Le soir du 19 février 2016, les chefs d’Etat et de gouvernement européens ont conclu un accord “anti-Brexit”. Celui-ci accorde au Royaume-Uni un certain nombre de concessions et renforce son statut particulier au sein de l’Union européenne. Il prévoit ainsi de limiter les aides sociales des expatriés européens, d’octroyer un droit de veto aux Parlements nationaux sur certaines réglementations européennes, d’exclure le Royaume-Uni de l’objectif d’une “Union sans cesse plus étroite” et de reconnaître l’existence de plusieurs monnaies au sein de l’Union européenne. Il s’appliquera si les Britanniques choisissent de rester membres de l’UE lors du référendum du 23 juin.

Dans une lettre du 10 novembre 2015 adressée au président du Conseil européen, Donald Tusk, David Cameron avait auparavant officialisé la liste des réformes qu’il souhaitait engager.

Le matin du 23 janvier 2013, le Premier ministre David Cameron prononce un discours-clé sur l’Europe. Il y annonce que s’il est réélu lors des législatives de 2015, il proposera un référendum sur le maintien ou la sortie du Royaume-Uni de l’Union européenne. Mais aussi que ce référendum sera organisé après avoir négocié un certain nombre de changements avec ses partenaires européens dans le fonctionnement de l’Union.

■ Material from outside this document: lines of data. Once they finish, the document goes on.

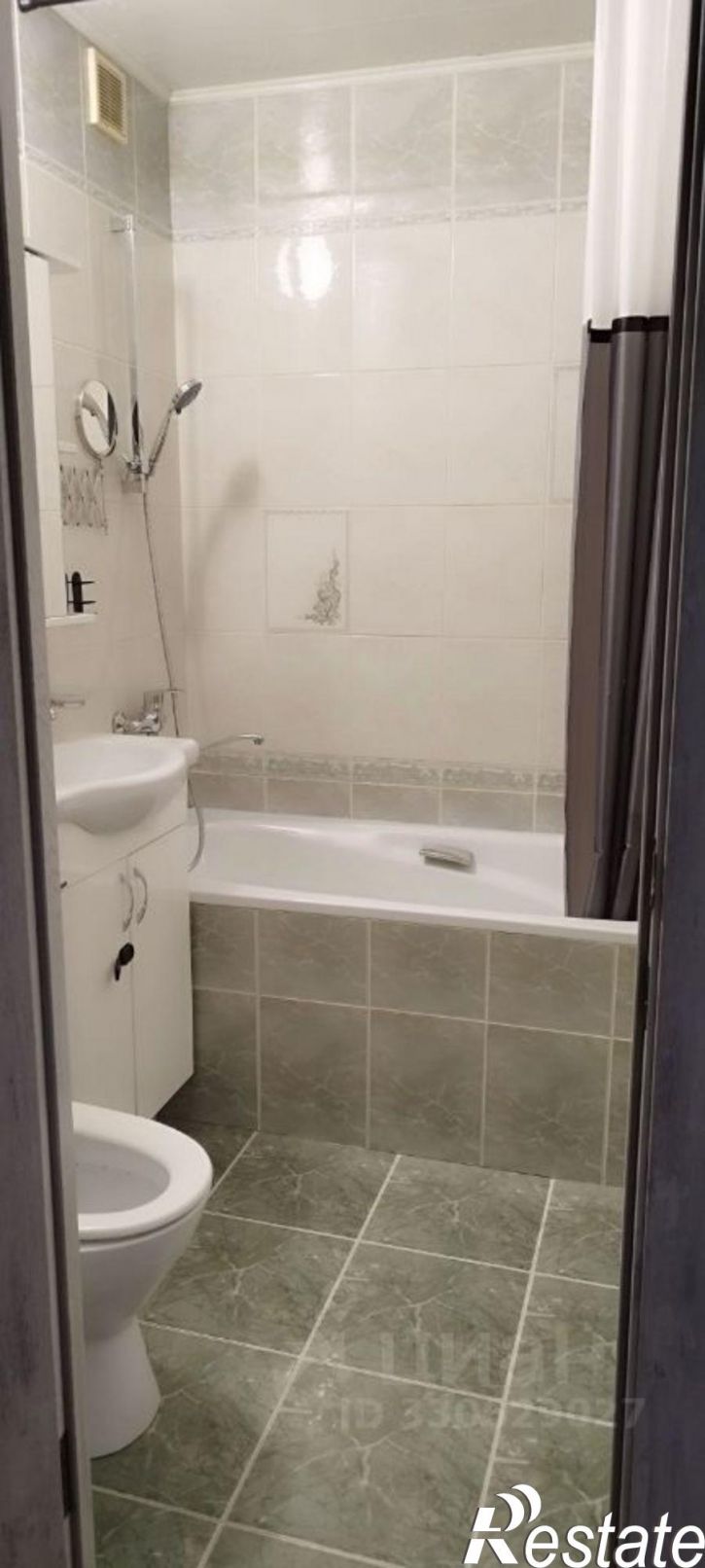 2-комн квартира шоссе Металлургов, 51А,  д. 51А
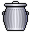 Bin Full BS7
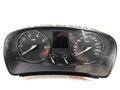TACHOMETER BUDÍKY RENAULT LAGUNA III (BT0/1) 2007 - 2015 248100003R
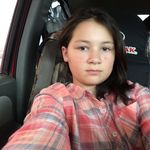 Julia McAfee - @mcafeejulia - Instagram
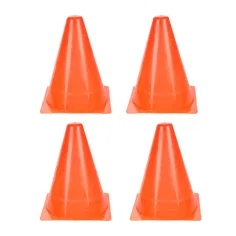imagen de Juego de 4 boyas con pelotas Adrenix 2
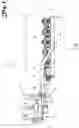 Fig. 02 - Agricultural mower maneuvering and lightening devices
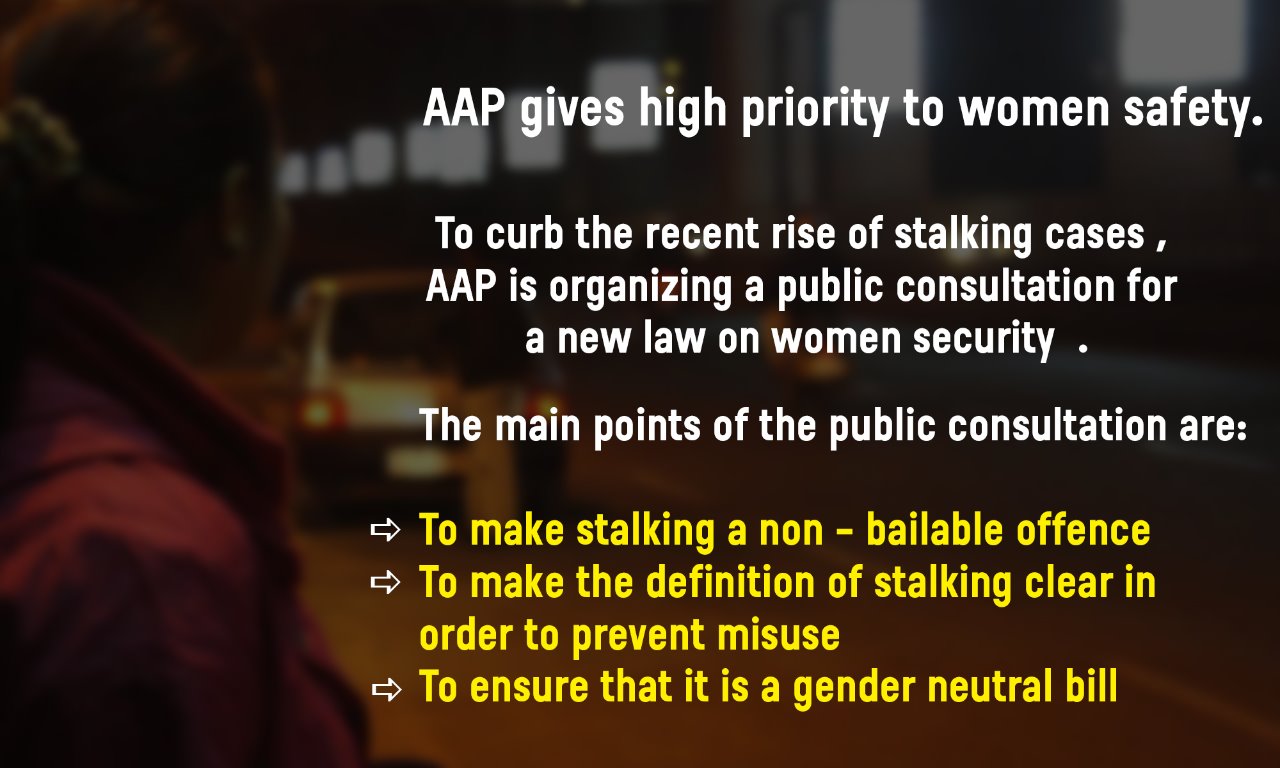 AAP on Twitter "Throughout the world, countries have been passing laws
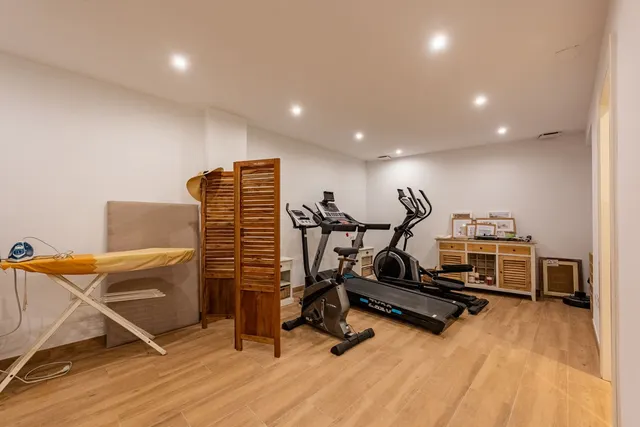 Adosado 3 habitaciones 304m² en venta - Marbella — 21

“L’ensemble des dispositions visées ci-après (…) prendront effet le jour où le gouvernement du Royaume-Uni informera le secrétaire général du Conseil que le Royaume-Uni a décidé de rester membre de l’Union européenne” - Conclusions du Conseil européen des 18 et 19 février 2016.

C’est cet accord qui a, après de longs mois de négociations, été signé le 19 février 2016 à l’issue d’un Sommet européen.

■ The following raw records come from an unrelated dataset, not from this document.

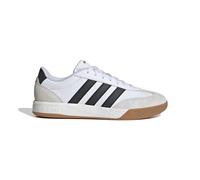 Zapatillas adidas VLCourt Fc 44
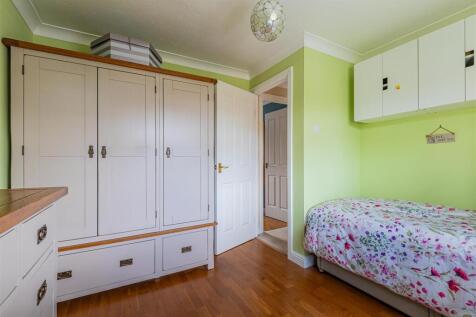 Llantrisant Rise 21-3.jpg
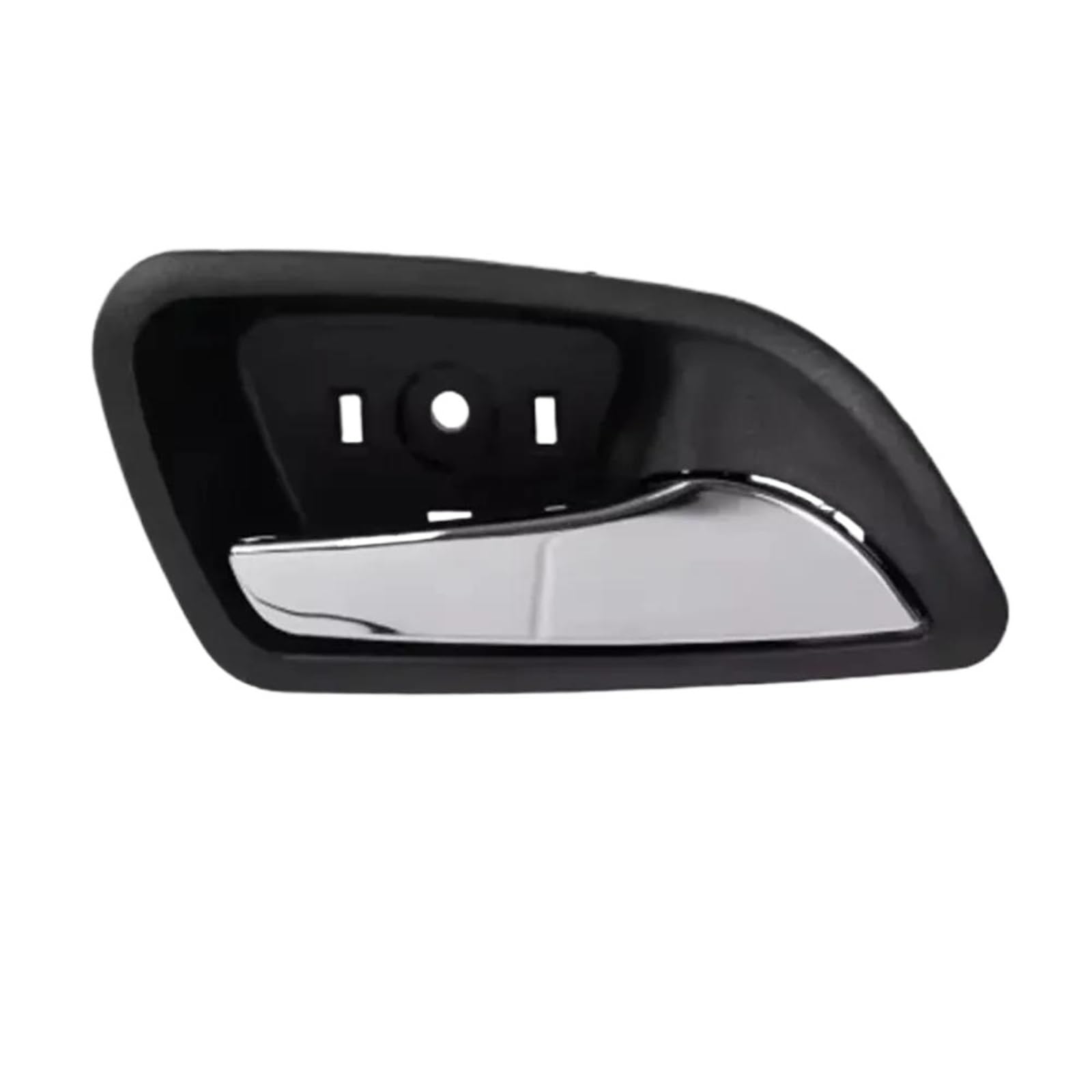 HIVZIVCCIK For Cruze 2009-2015 Car Interior Door Handle 96952176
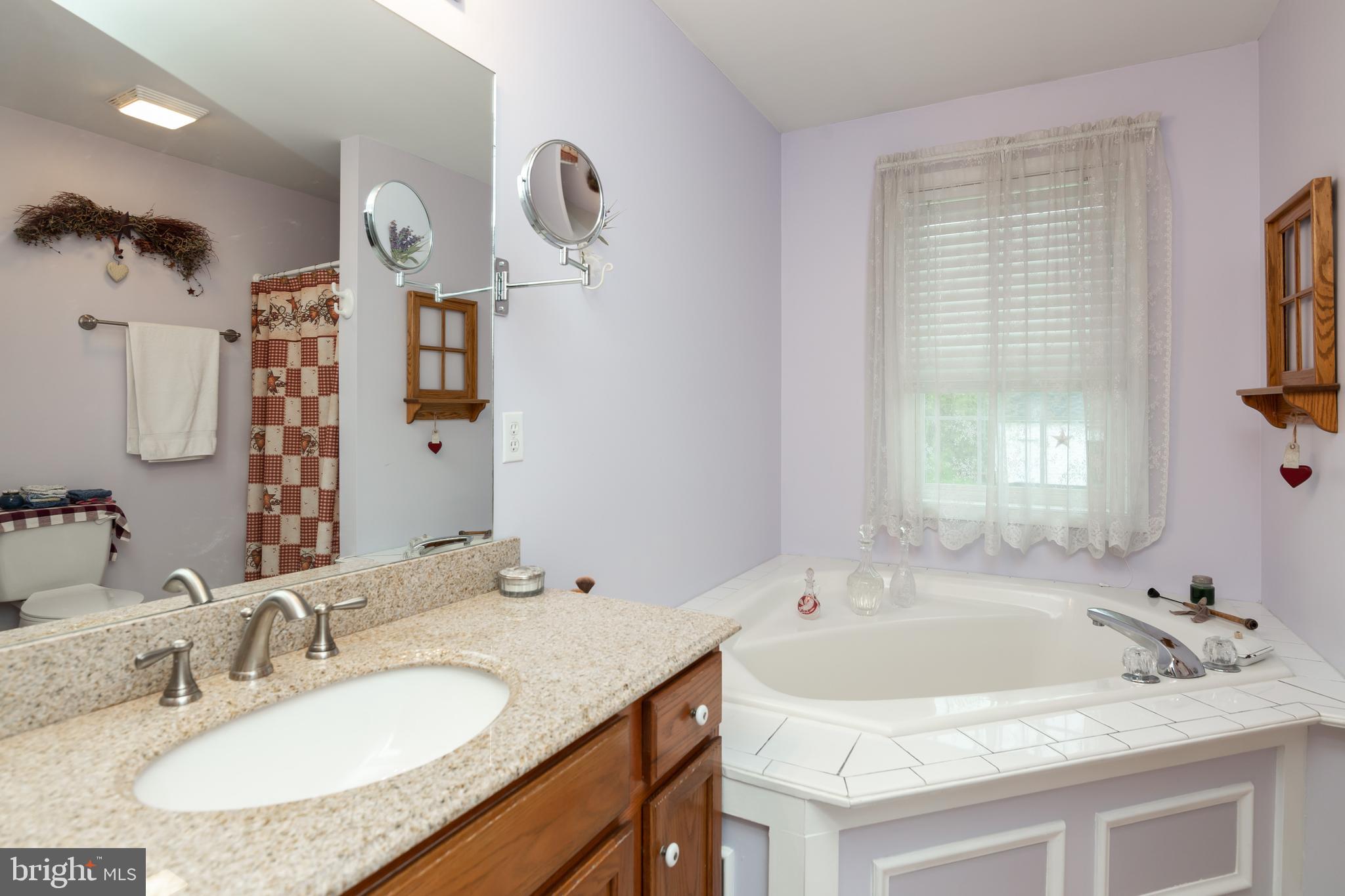109 Iron Stone Road Nottingham, PA 19362 - Photo 23 of 41 Gallery Image 23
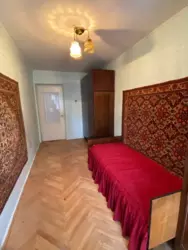 3� ���� 6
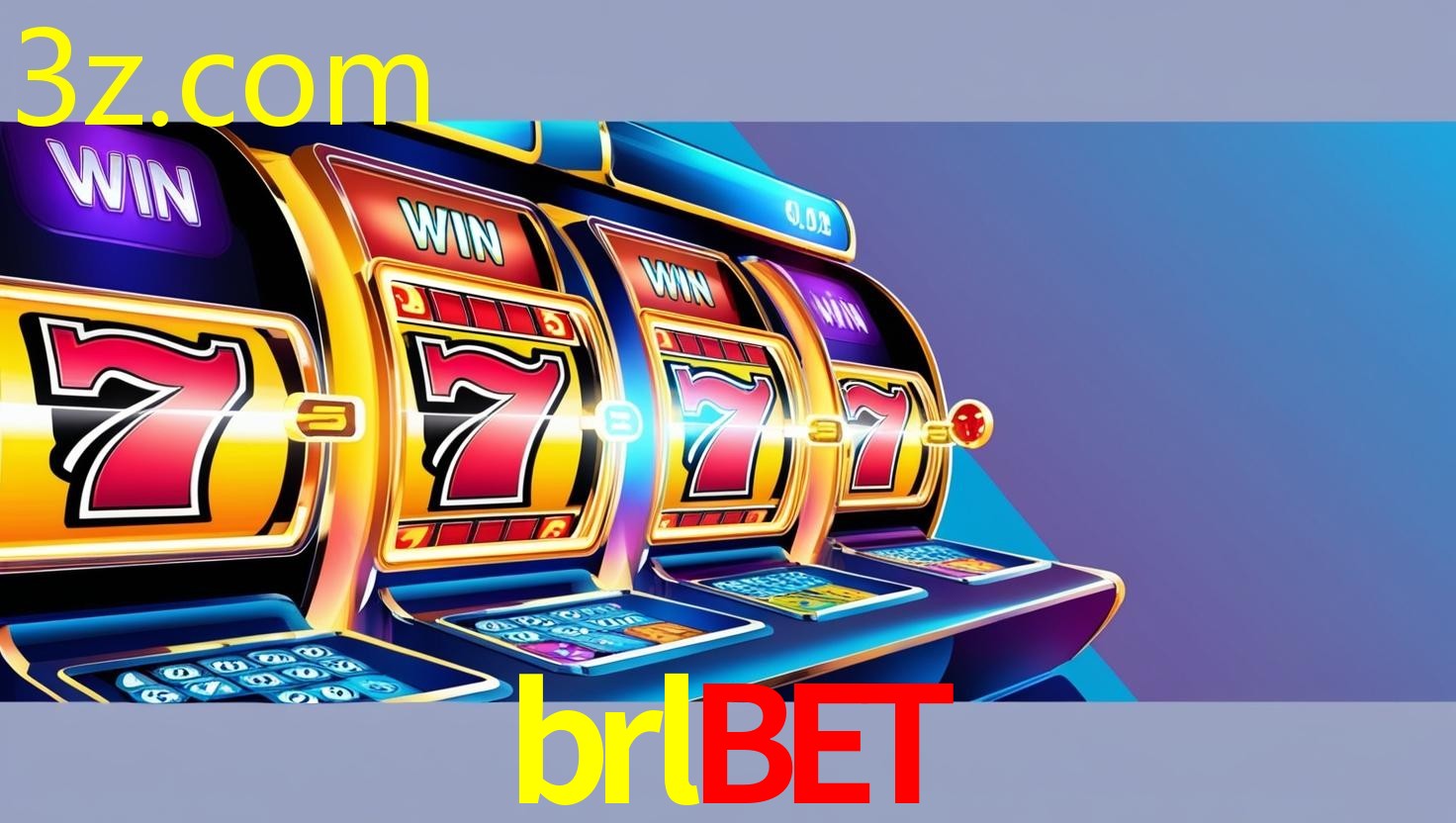 BRLBET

Le texte de l’accord comprend quatre principales réformes, que l’Union européenne devra mettre en oeuvre si le Royaume-Uni reste membre de l’Union européenne.

Il serait ainsi immédiatement valable après le référendum mais ne serait intégré dans les traités que lors de leur prochaine révision.

Certaines mesures s’appliqueraient à l’ensemble des Etats membres, d’autres au Royaume-Uni seul.

Immigration : la limitation des aides sociales pour les nouveaux migrants issus de l’Union européenne

En vertu de l’accord, le Royaume-Uni mais aussi les autres Etats membres pourront décider, sous certaines conditions, de limiter certaines aides sociales pour les non nationaux issus de l’Union européenne.

Conformément au principe de libre circulation, les travailleurs européens ont le droit d’exercer une activité professionnelle dans un autre État membre de l’Union que le leur et d’être traité sur un pied d’égalité avec les ressortissants de cet État membre, y compris de recevoir les mêmes aides sociales (chômage, retraite, sécurité sociale, allocations familiales…) qu’un ressortissant national.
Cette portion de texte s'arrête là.